● **EXERCISE AIM**:
Each line from the one that holds "Schlafzimmer mit Holzbett, Bettwäsche" to the end of the records is to be retyped exactly. Pictures are not part of the copy.

● **THE INPUT**:
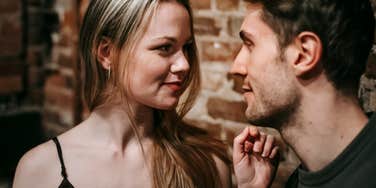 Woman knows the secret word to make a man commit instantly.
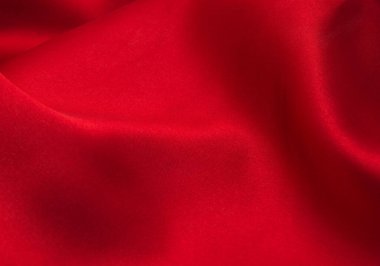 Arkaplan olarak kırmızı saten veya ipek kumaş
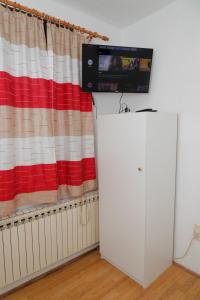 un televisor en la parte superior de un armario blanco frente a una cortina en Maple place, en Velika Gorica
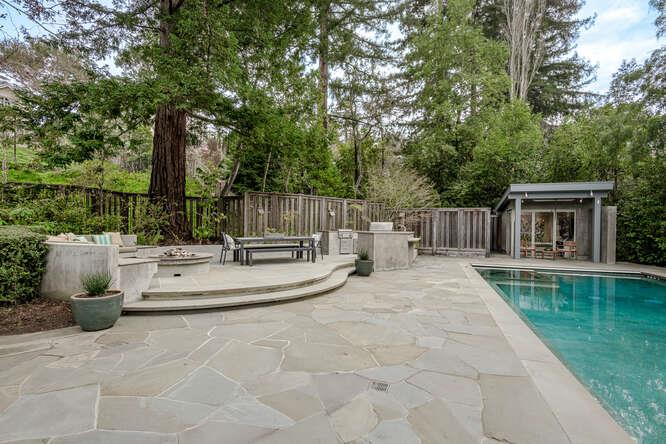 747 Bromfield Road Hillsborough, CA 94010 - Photo 54 of 76 a view of a house with backyard and sitting area
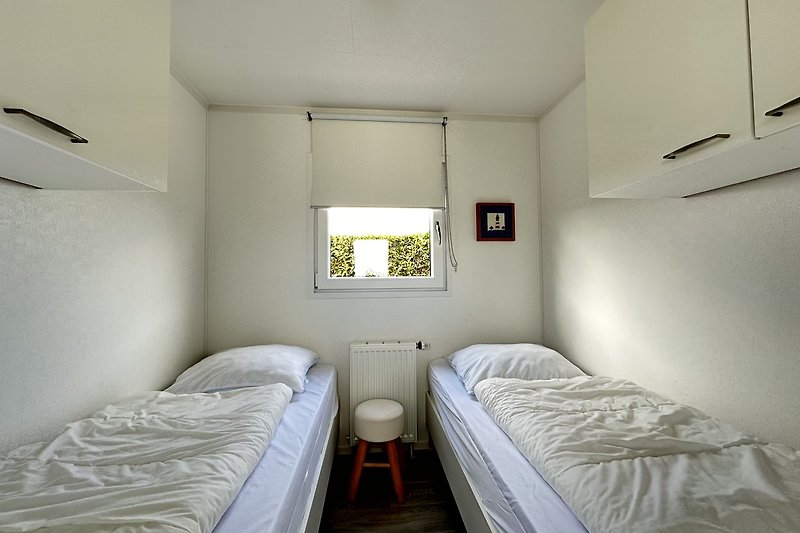 Schlafzimmer mit Holzbett, Bettwäsche und Fenster.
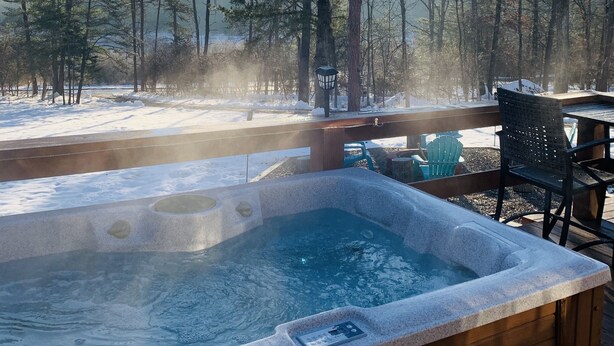 Een hottub omgeven door een houten terras, met sneeuw op de grond en bomen op de achtergrond.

● **THE ANSWER**:
 Schlafzimmer mit Holzbett, Bettwäsche und Fenster.
 Een hottub omgeven door een houten terras, met sneeuw op de grond en bomen op de achtergrond.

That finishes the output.